The Teamsters attack the order by urging that since they were not charged with wrongfully receiving dues and initiation fees the reimbursement order cannot stand. An examination of the complaint reveals that it duly alleged unfair labor practices in making, maintaining and enforcing the unlawful union-security agreement which made membership in the union and hence dues payments a condition of employment. The respondents were fully apprised of the matters in issue and they were all litigated. We see no reason why the receipt of the sums should have been alleged as a separate unfair labor practice as a prerequisite to issuance of the order. The reimbursement order is calculated to remove the effects of the unfair labor practices by making restitution to employees and is therefore properly adapted to a situation which calls for redress. Virginia Electric Power Co. v. N.L.R.B., supra; N.L.R.B. v. Local 404, International Brotherhood of Teamsters, etc., 1 Cir., 205 F.2d 99. Teamsters continue by asserting that the requirement that the Company withdraw recognition of Teamsters as the collective bargaining representative of the employees is not justified because it goes too far. This, again, is a matter primarily within the discretion of the Board and, absent a showing of clear abuse, will not be disturbed on review.

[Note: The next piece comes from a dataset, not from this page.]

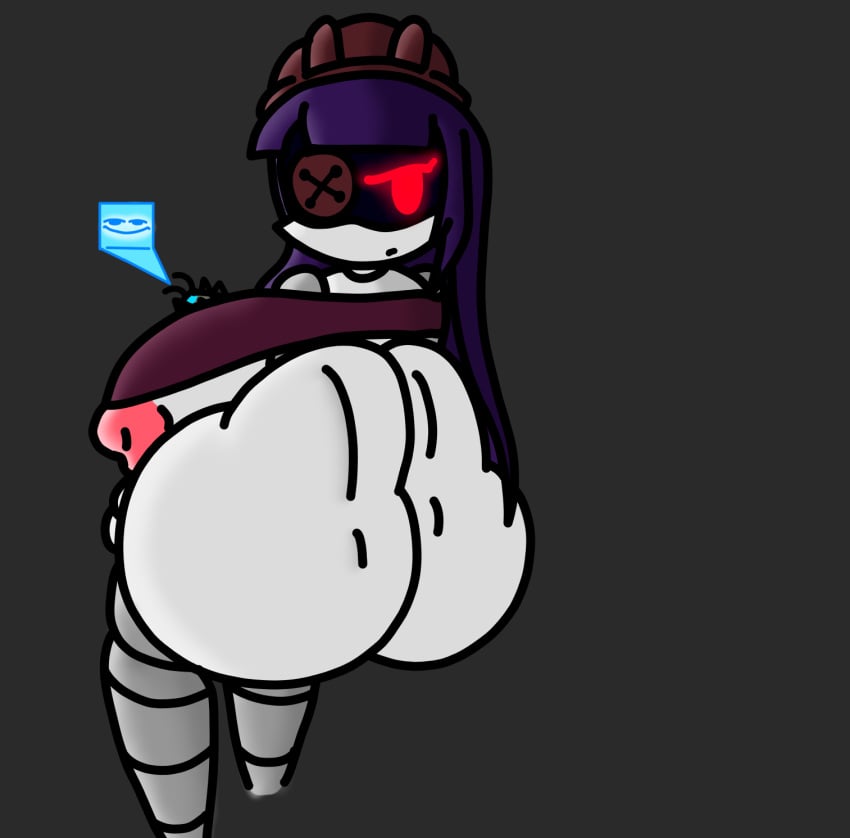 actualbeef ass_focus backboob bottomless casual casual_nudity clapping_ass doll_(murder_drones) female female_only huge_ass murder_drones no_bra png robot robot_girl teasing topwear twerking underboob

Finally the respondent Company advances the argument that this action must be dismissed because the N.L.R.B. had publicly granted "amnesty" to other violators of the Taft-Hartley Act and has declared a moratorium on enforcement of the law against unlawful hiring practices. The urge that enforcement against them under the circumstances would be discriminatory and repugnant to principles of equity. It is true that in February 1958, prompted by a concern with the prevalence of illegal hiring arrangements in the building and construction industry, the General Counsel for the Board publicized a letter to that industry which pointed out that voluntary correction of such illegal agreements would be in the public interest and the preferable solution to the problem. He then suggested that employers and unions vigorously undertake to correct such arrangements during the period from March 1 to June 1, 1958, and stated that if this were done it "may" warrant disposition without full application of the reimbursement remedy. However, as we read the letter of the General Counsel, he made it clear by the terms in the letter itself that the remedy would only be withdrawn for voluntary correction in two situations: future cases brought before the Board and those then pending disposition. This would expressly exclude the application of the "moratorium" in the instant case because the Board's decision and order issued on June 6, 1957, some eight months before the writing of the General Counsel letter. Thus there was, as to the Company, no charge pending before the Board. Moreover, the Board's order was in large part based upon violations during the latter half of 1955 and the first month of 1956. These violations could not be expunged by voluntary correction of the illegal agreement in 1958.
The rule is well settled that even "* * * a change in the policy of the Board does not require its application to the disposition of cases theretofore decided by it and cannot be availed of by a respondent against whom an order has been entered prior to the adoption of such policy." N.L.R.B. v. Armco Drainage Metal Products, Inc., 6 Cir., 220 F.2d 573, at page 584, certiorari denied 350 U.S. 838, 76 S.Ct. 76, 100 L.Ed. 748; N.L.R.B. v. Kartarik, Inc., 8 Cir., 227 F.2d 190.
The petition for enforcement is granted.